With Nigella as my co-pilot again, dinner was excellent. Next year I will cold-brine the turkey first thing in the morning and not overnight, because while it was tender and tasted lovely I found it had a bit of saline sharpness to it, although that didn’t seem to slow anyone else down. (It reheats splendidly, though.) My mother-in-law brought her delicious mashed potatoes, and my mother brought tins and tins of Christmas baking for dessert, and both of them brought seafood-based hors d’oeuvres. And everyone brought wine.

The only downside to the day was the lack of snow, and even that was remedied by this morning when I opened the curtains to find a steady, silent fall of thick fluffy flakes. (Well, HRH consecrating the new incredible carving knife we got as a gift by slicing right through a turkey bone and into his thumb was a bit of a downer too. “I’ve never seen a carving knife go right through a turkey bone,” he said in amazement as he held his thumb under cold water.)

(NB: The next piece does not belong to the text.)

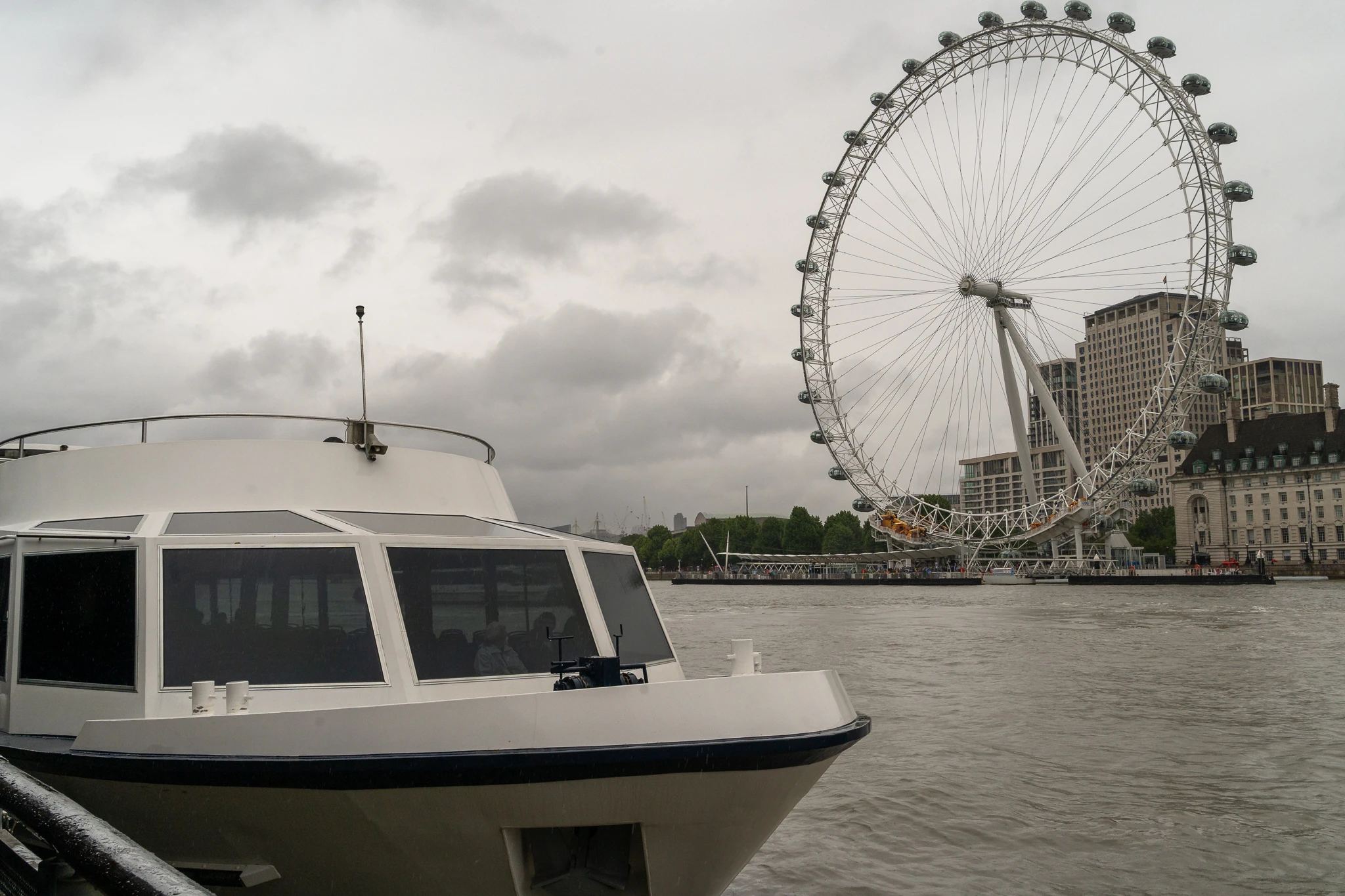 london-eye-z-pokladu-statku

It was a lovely day. It was wonderful to work in the kitchen and hear all four grandparents playing with Liam in the next room. Now that he’s older and travelling with him isn’t as much of a production, I’ve resolved to travel down to TO more often so that he can play with his Nana and Grandad more than a handful of times per year.


The unavoidable squeeing: I got books! I got the new Thomas Pynchon, and The Constant Princess, and the new Juliet Marillier! Liam gave me white gold hoop earrings, and HRH gave me pearl and diamond stud earrings that match the pendant he gave me last year! I got lovely, lovely clothes, and warm fuzzy chenille socks, and suede gloves, and a new red leather wallet to match my red shoes! < /squeeing>


Kino Kid, a friend whom I dearly love, has created a meme associated with the holiday season that is worthy of propogation, so take this and spread it far and wide.

A few of my favourite things:

The holidays are a time of positive and negative feelings, and some in between. Try to banish the negative ones. Write five positive, personal associations you have with the holiday season. A word will do – no more than one line each.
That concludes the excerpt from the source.